Sure. You can even extend the `json` module to serialize custom data types not
defined in the JSON spec.

------
goodness
Man, a lot of those sound familiar. A lot of hard-coded path problems are
especially annoying since the official Django documentation often tells you to
do it that way.

On a semi-related topic - I have an old 0.96 Django app that was using an old
database migration framework that isn't supported in the newer versions of
Django. For that framework I wrote the Django migrations in manually generated
SQL. Anyone know how I could update to django-evolution or South with this
hand coded SQL and still preserve my existing data?

The documentation for django-evolution says:

> Django Evolution imposes one important restriction on your development
> process: If you intend to make a change to your database, you __must __do it
> through Django Evolution. If you modify the database outside of Django and
> the Django Evolution framework, you're on your own.

Which makes me think I can't use that.

------
megamark16
I love django-evolution, I'm using it on AppRabbit.com to regenerate dynamic
models and it's been a lifesaver. The only hitches I've found (granted the
relationships between my models are fairly restrictive) are related to adding
null=False fields and such. But really, it handles most things seamlessly.

------
teye
Great tips. When I was starting, some of these didn't occur to me and the
others I knew I should be doing but didn't know how.

------
hswolff
Thank you for this. I am starting and hopefully this'll give me a solid
foundation.

------
xhuang
thanks for this, i just started django development couple days ago, and this
is very useful.

another thing worth mention is that use generic view, it will save lots
typing:)

------
wakeupthedawn
These are pretty good.
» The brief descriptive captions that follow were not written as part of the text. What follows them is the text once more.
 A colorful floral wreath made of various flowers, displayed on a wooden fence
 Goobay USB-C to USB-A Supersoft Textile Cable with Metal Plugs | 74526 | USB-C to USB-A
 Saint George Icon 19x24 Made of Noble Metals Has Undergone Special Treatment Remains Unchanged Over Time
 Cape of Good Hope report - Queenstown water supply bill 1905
I really liked #6, the tip for template_tags. I hadn't
thought of that before and will definitely do that. I will also look into
extensions of the template system as suggested at the bottom. Those were
really helpful, even for someone who has been using Django for a few months.
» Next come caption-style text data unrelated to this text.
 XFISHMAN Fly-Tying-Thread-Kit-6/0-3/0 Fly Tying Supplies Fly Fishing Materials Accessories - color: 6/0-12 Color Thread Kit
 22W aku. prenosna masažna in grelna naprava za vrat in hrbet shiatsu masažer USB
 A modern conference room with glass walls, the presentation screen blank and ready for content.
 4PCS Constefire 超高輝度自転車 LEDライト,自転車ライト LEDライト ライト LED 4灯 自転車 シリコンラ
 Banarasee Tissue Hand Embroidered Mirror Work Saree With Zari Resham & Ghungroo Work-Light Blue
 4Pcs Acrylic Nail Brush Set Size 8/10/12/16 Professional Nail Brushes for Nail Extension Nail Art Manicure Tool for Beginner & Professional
I disagree with #4, the suggestion to not include business logic in views.
What Django calls 'views' are what other frameworks call 'controllers'
(MTV=MVC), and the business logic should reside there. I'm totally for
separating the code into helper functions in other files, but putting business
logic into models definitely violates the idea of MVC.

For #5, I would recommend the second approach of having a separate settings.py
for production vs development. Or at least code it where DEBUG=False is only
overridden if socket confirms you are on a development machine - not the other
way around. Debug contains too much info to risk exposing in production, but
maybe my fear of socket screwing up is unfounded.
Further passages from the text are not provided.